In 2019, the school was ranked 241st out of 438 high schools in New Jersey in rankings by U.S. News & World Report.

==Athletics==
The Arthur L. Johnson High School Crusaders compete in the Union County Interscholastic Athletic Conference, which is comprised of public and private high schools in Union County, and was established following a reorganization of spots leagues in Northern New Jersey under the jurisdiction of the New Jersey State Interscholastic Athletic Association (NJSIAA). Before the 2010 realignment, the school had participated in the Mountain Valley Conference, which consisted of public and private high schools in Essex County and Union County. With 520 students in grades 10-12, the school was classified by the NJSIAA for the 2019–20 school year as Group II for most athletic competition purposes, which included schools with an enrollment of 486 to 758 students in that grade range. The football team competes in Division 2B of the Big Central Football Conference, which includes 60 public and private high schools in Middlesex, Hunterdon, Somerset, Union and Warren counties, which are broken down into 10 divisions by size and location. The school was classified by the NJSIAA as Group II South for football for 2024–2026, which included schools with 514 to 685 students.

The boys' bowling team won the overall state championship in 1985 and the Group I state championship in 2013.

The football team won the North II Group II state sectional titles in 1995 and 2002. The 1995 team finished the season with a record of 11-0 after winning the North II Group II sectional championship game with a 21-6 victory against a Summit High School team that came into the tournament as the number-one seed.

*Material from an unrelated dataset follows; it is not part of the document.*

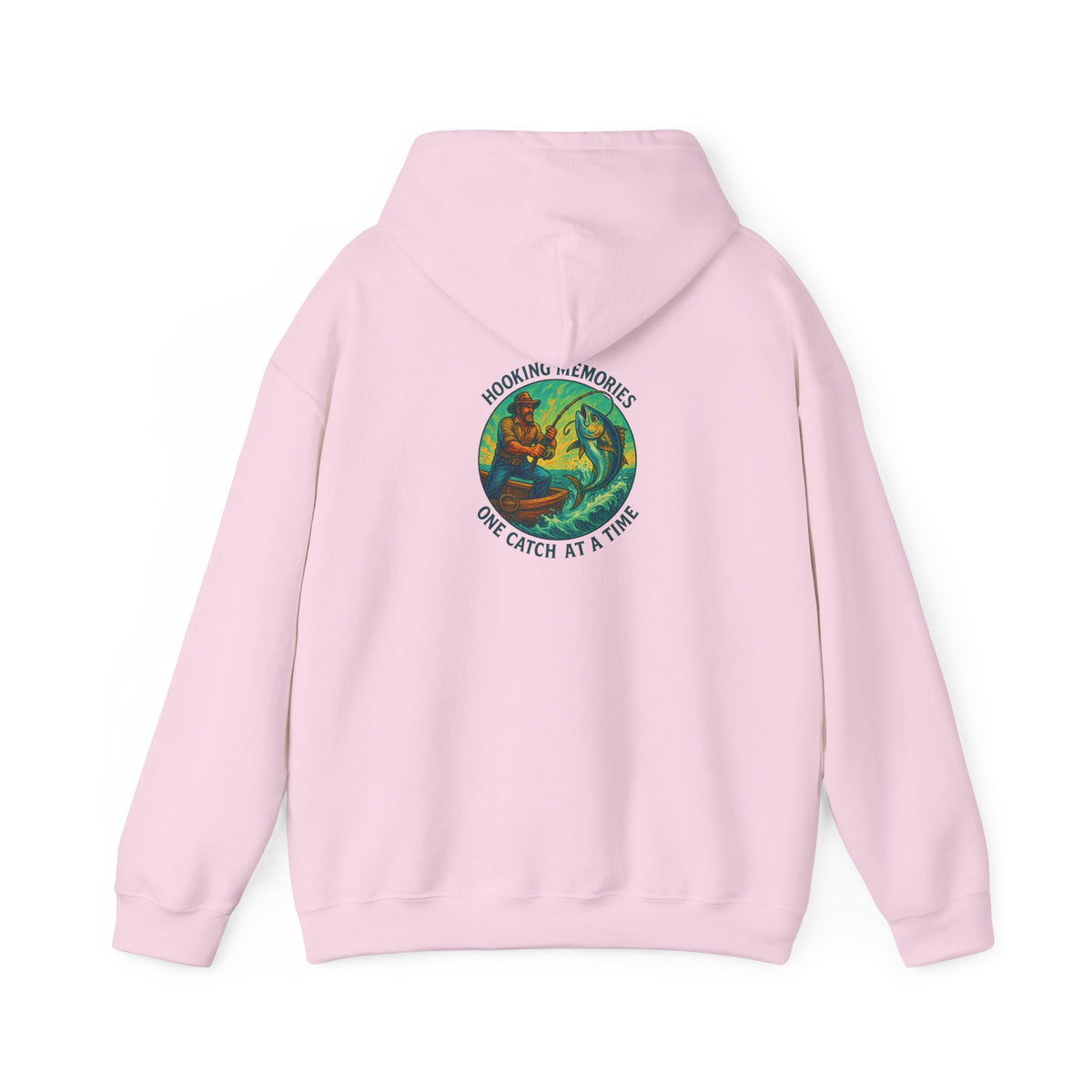 Tuna Family Ties Hoodie - Cozy Sweatshirt for Family Gatherings, Fishing Enthusiasts, Memories, Gifts for Special Occasions, Outdoor [...]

The field hockey team won the North II Group II state sectional titles in 2008, 2010 and 2011.

The cheerleading team won the NJCDCA Group II state championship title in 2017.

The ice hockey team won the McMullen Cup in 2020, defeating Frisch School by a score of 7–3 in the tournament final.

==Administration==
The school's principal is Tara Oliveira. Her administration team includes the assistant principal.

==Notable alumni==

- Todd Burger (born 1970), former professional football player who played in the NFL for the Chicago Bears and New York Jets
- David Durante (born 1980), former member of the United States men's national artistic gymnastics team and alternate for the 2008 Summer Olympics
- Kenneth Ham (born 1964), piloted the Space Shuttle Discovery as a member of the STS-124 mission that delivered components to the International Space Station
- Gennaro Nigro (born 2000), soccer player for Potenza Calcio of Serie C
- Ed Pinkham (born 1953), college football coach who was the defensive pass game coordinator for the Arkansas State Red Wolves
- Matt Poskay (born 1984), professional lacrosse player who has played for the Boston Cannons and set a national high school record of 362 career goals
- Erik Rosenmeier (born 1965, class of 1983), former NFL center who played for the Buffalo Bills in 1987
- Frank Spaziani (born 1947), former head coach of the Boston College Eagles football team
- David Joseph Weeks (born 1944), neuropsychologist, educator and author best known for his study of eccentricity
- Jane Remover (born 2003), singer snd producer, best known for being a pioneer in Digicore and Hyperpop.